TL;DR: Inventory can be a folder. Create a folder, add as many inventory files inside this folder and instruct Ansible to use this folder as the inventory (with -i folder_name or in your ansible.cfg file). All inventory files inside the folder will be merged into one (including scripts like ec2.py).
Inventory as a folder
Inside your playbooks folder, create a folder called inventory.
mkdir inventory
Now move your current inventory file (often called hosts) into this folder
mv hosts inventory/
To tell ansible to use the new inventory, there are 2 options:
Using ansible.cfg
Create a file ansible.cfg within the same folder as your playbooks and add the lines:
[defaults]
hostfile = inventory
Command line argument
Next time you run your playbook, simply add -i inventory:
ansible-playbook -i inventory my_playbook.yml
And that’s it to start.

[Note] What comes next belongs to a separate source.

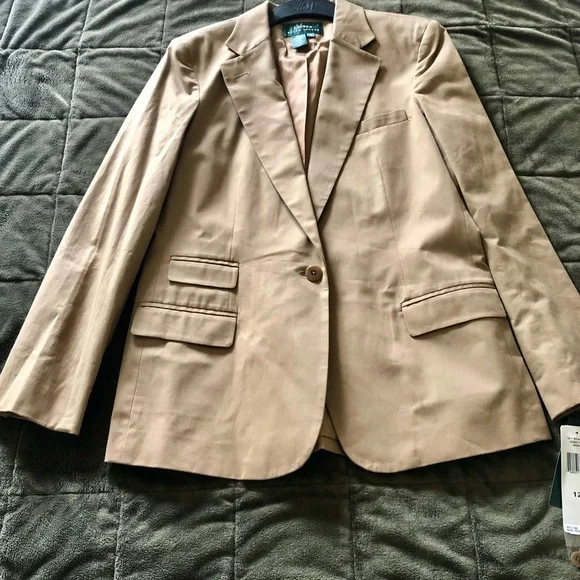 Lands' End Women's Tan Blazer - Picture 12 of 12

Now the fun part.
Dynamic and static inventories together
Here’s the trick, add both your static and dynamic inventories to the folder and you can run playbooks targeting both as same time.
Example: Group EC2 hosts by country
EC2 hosts from both us-east-1 and us-west-1 need to belong to a USA group, and both eu-west-1 and eu-central-1 to belong to Europe group.
Add your ec2.py to the inventory folder and make sure it’s executable.
cp /usr/local/lib/python2.7/dist-packages/ansible/module_utils/ec2.py inventory/
chmod +x inventory/ec2.py
Check ansible documentation for help to setup ec2.py
Create new file countries and add to inventory folder.
touch inventory/countries
countries file contents:
# Declaring country groups
[USA]
[Europe]
# Attaching EC2 groups as children
[USA:children]
us-east-1
us-west-1
[Europe:children]
eu-west-1
eu-central-1
Now when you run:
ansible-playbook -i inventory --limit "Europe" my_playbook.yml
Will run my_playbook.yml only to your european servers.